Ini memang sepele, sekadar abu rokok, namun keadaan seperti itu bisa berakibat fatal dan menyebabkan kecelakaan lalu lintas. Maka secara pribadi saya sangat menyetujui peraturan hukuman berupa denda bagi para pengendara yang merokom saat berkendara diterapkan. Itu sejalan dengan kampanye ‘Perokok Santun’ yang terus dikampanyekan Komite Nasional Pelestarian Kretek dan Komunitas Kretek sejak beberapa tahun lalu.
Ada beberapa kritik terkait penerapan aturan ini tentu saja. Yang pertama, nominal denda yang ditetapkan. Saya pikir, Rp750 ribu untuk hukuman denda tidak aplikatif pada penerapannya. Nominal yang terlalu besar tentu saja akan membikin rumit penerapan langsung di lapangan. Ia akan menyita waktu, dan belum tentu pengendara yang kedapatan merokok saat berkendara membawa uang kontan sebanyak itu. Alhasil, transaksi dan negosiasi akan terjadi dan rawan menimbulkan praktik kongkalikong sebagaimana yang lazim terjadi saat ada operasi tilang di jalan.
Baca: Apapun Penyakitnya, Rokok Selalu Disalahkan
Jika misal nominal denda ada pada angka Rp50 ribu hingga Rp100 ribu, saya kira ini malah akan lebih aplikatif dalam penerapannya. Dan peraturan bisa benar-benar diterapkan. Contoh nyata peraturan sekadar menjadi ancaman adalah peraturan denda terhadap pembuang sampah sembarangan yang dendanya hingga berjuta-juta. Maka peraturan itu sekadar peraturan semata, tidak diterapkan dan diremehkan begitu saja. Banyak orang masih merasa aman buang sampah sembarangan.
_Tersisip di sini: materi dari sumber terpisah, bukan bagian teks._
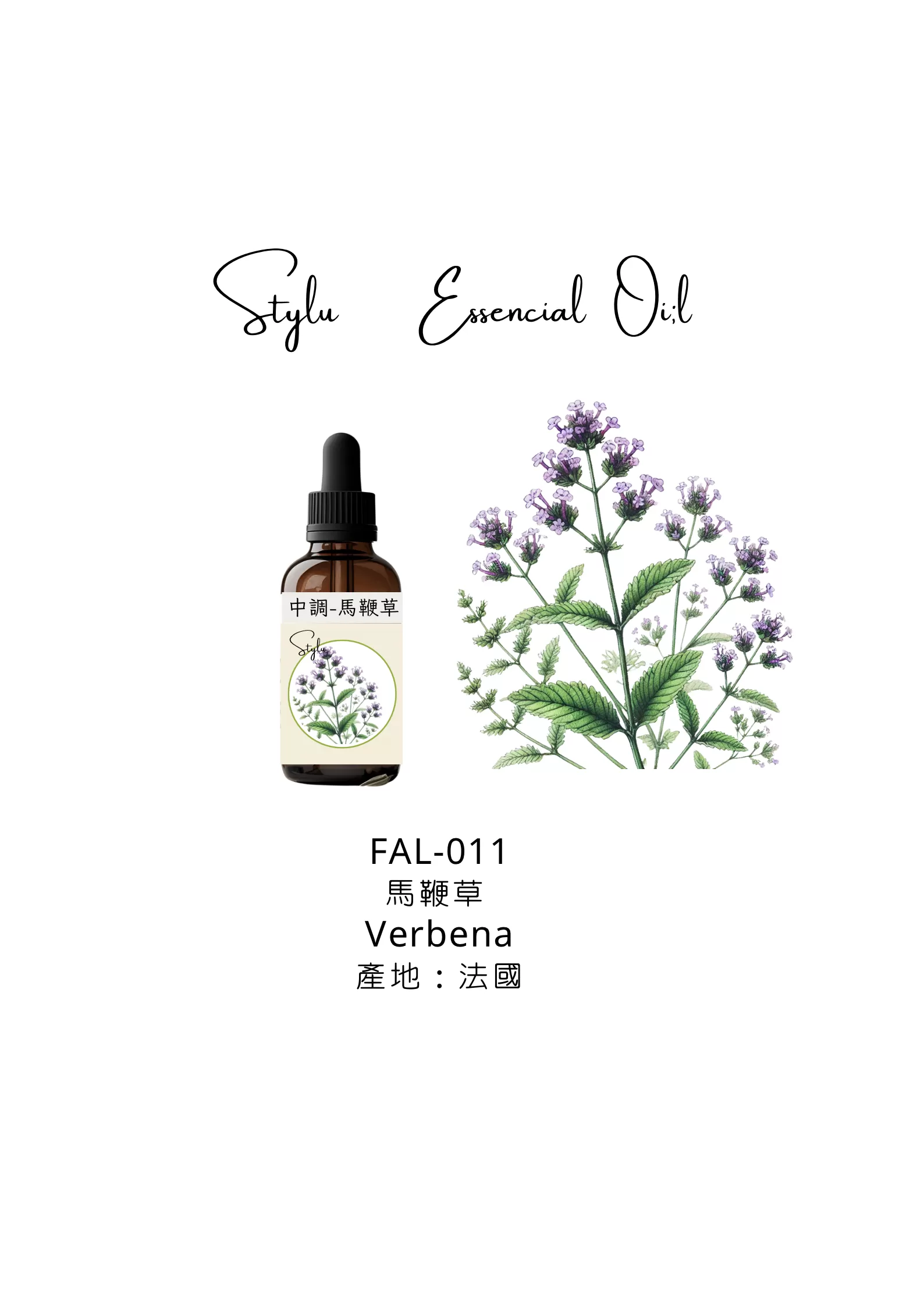 馬鞭草 Verbena
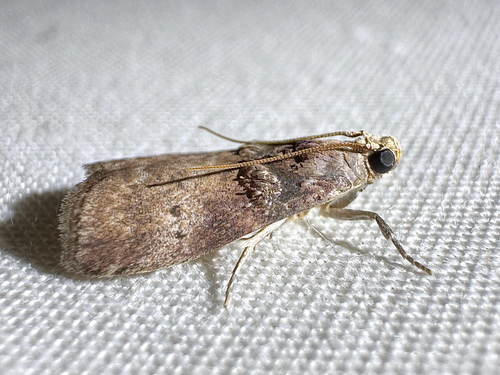 Hickory Leafstem Borer Moth photo 2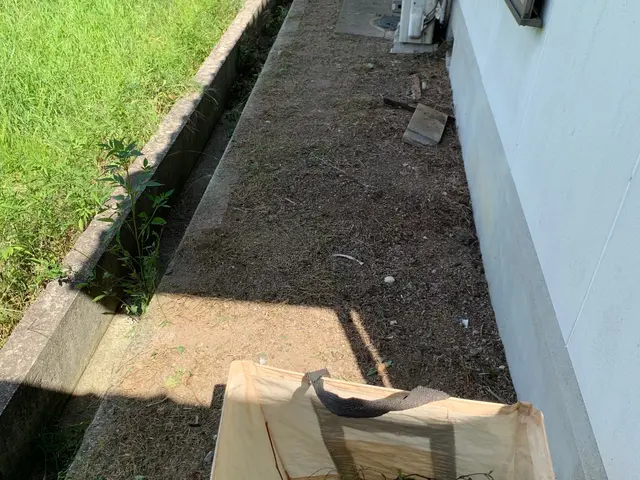 極力早く対応します！対応草の量が少ない場合の処分代はお安くさせて頂きます！サービスの画像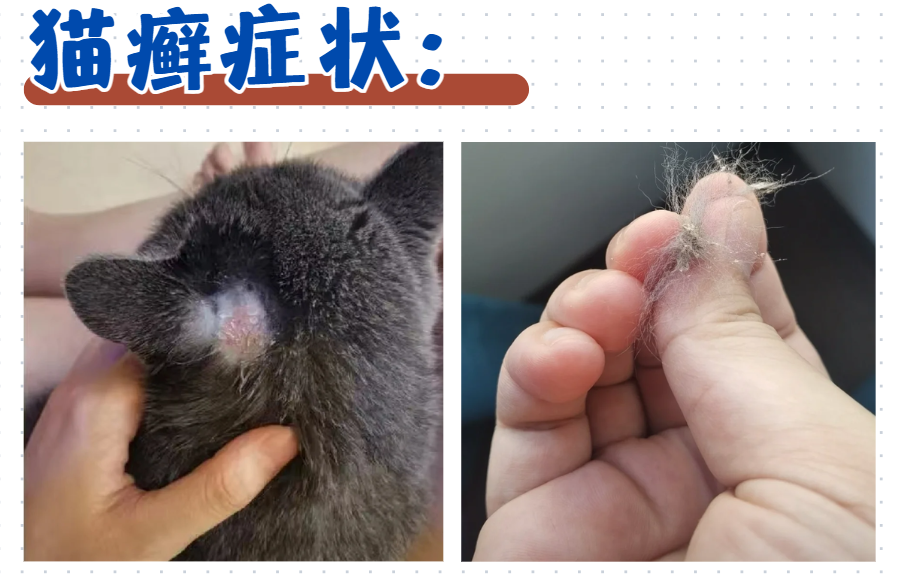 猫癣的症状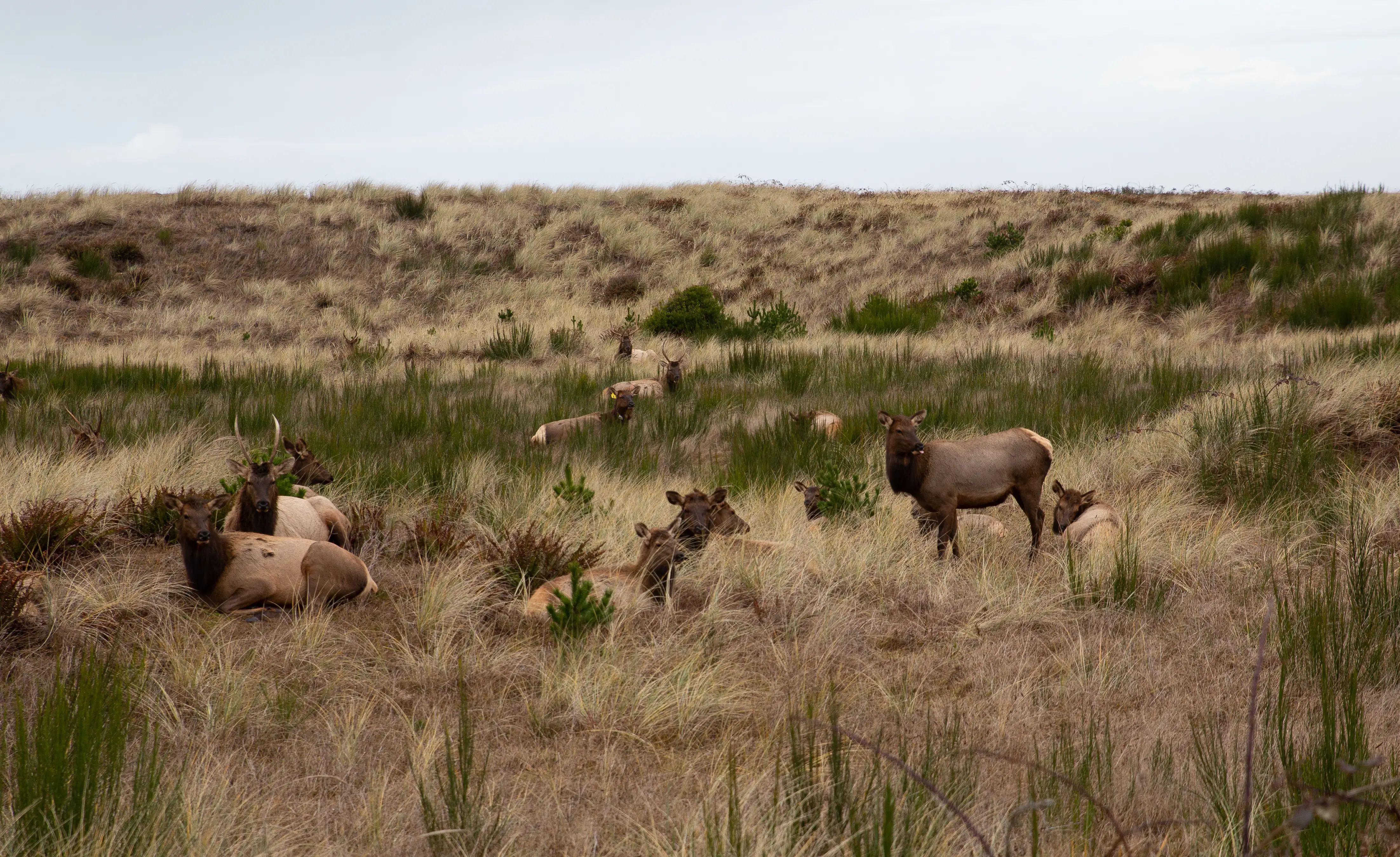 Gearhart, Oregon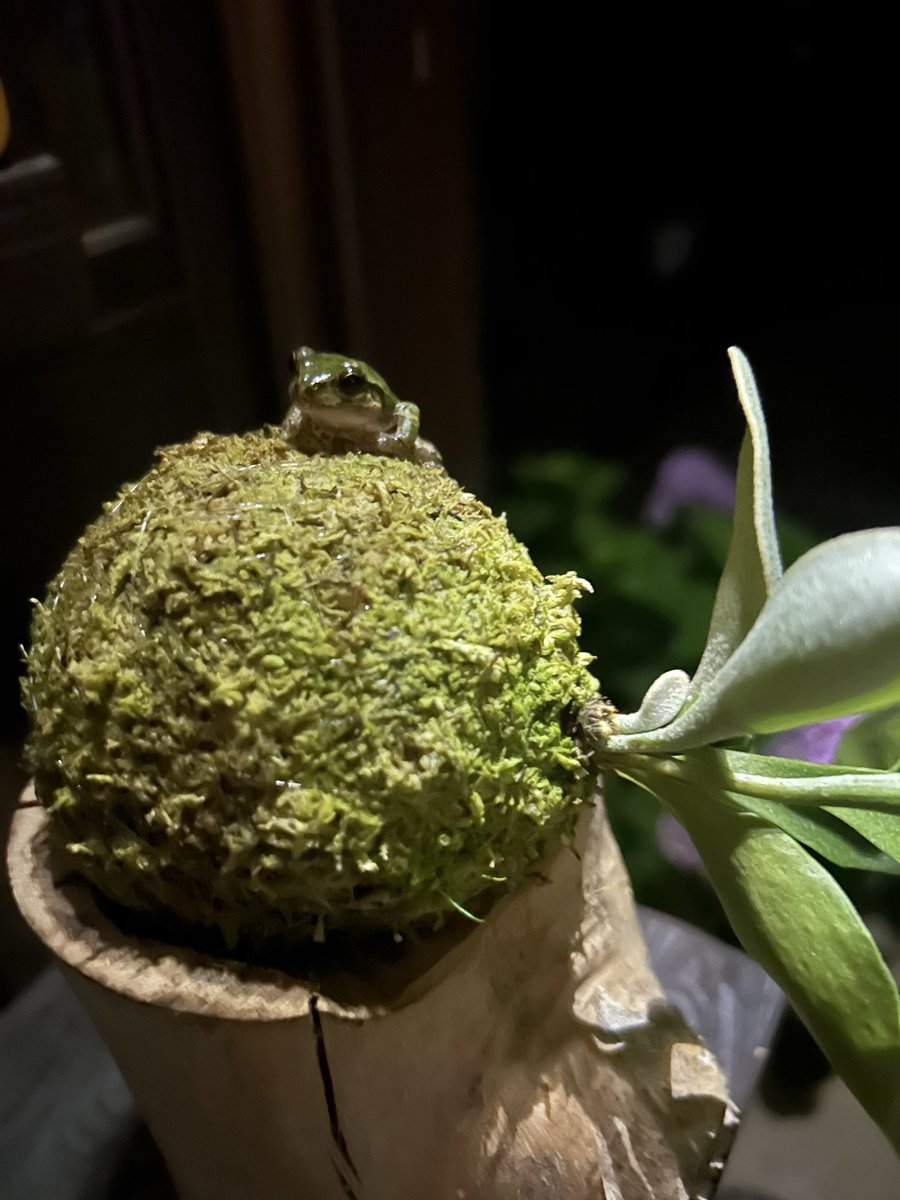 1019coffee's tweet photo. 苔玉にお客さん🐸 https://t.co/LQ9RTXfUZj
Yang kedua, bagaimana mekanisme uang itu dikumpulkan. Tentu saja undang-undang sudah mengatur siapa yang akan menyimpan uang denda yang diterima dari para perokok yang merokok saat berkendara, namun sebagaimana biasa, lagi-lagi pengawasan ketat mesti dilakukan agar dana tidak disalahgunakan.
Yang terakhir, penggunaan dana hasil denda. Proses penggunaannya harus benar-benar dikawal sebaik mungkin agar tepat sasaran. Sebaiknya dana itu mulanya digunakan untuk menyosialisasikan peraturan ini di seluruh negeri. Agar semua pihak tahu dan peraturan ini benar-benar bisa diterapkan hingga akhirnya para perokok tertib untuk tidak merokom saat berkendara.
Baca: Jadilah Perokok yang Santun
Saya ingin mengingatkan sekali lagi–meskipun perokok selalu mendapat diskriminasi terutama dari peraturan ruang merokok dan kampanye negatif yang dialamatkan kepada rokok dan para perokok oleh mereka yang anti-rokok– marilah kita menjadi perokok yang santun. Sebagai bentuk toleransi kita kepada mereka yang tidak merokok, dan sebagai wujud warga negara baik yang mentaati peraturan.
Empat ciri utama perokok santun: Tidak merokok saat berkendara; tidak merokok di area dilarang merokok; tidak memberikan rokok kepada anak-anak; dan tidak merokok di dekat ibu hamil dan anak-anak.
Yang terakhir, saya kira peraturan ini sebaiknya tidak hanya diterapkan kepada pengendara yang merokok saja, tetapi juga kepada pengendara yang membuang sampah sembarangan dan pengendara yang meludah sembarangan. Keduanya juga sangat mengganggu pengendara lain dan bisa berdampak buruk bagi lingkungan.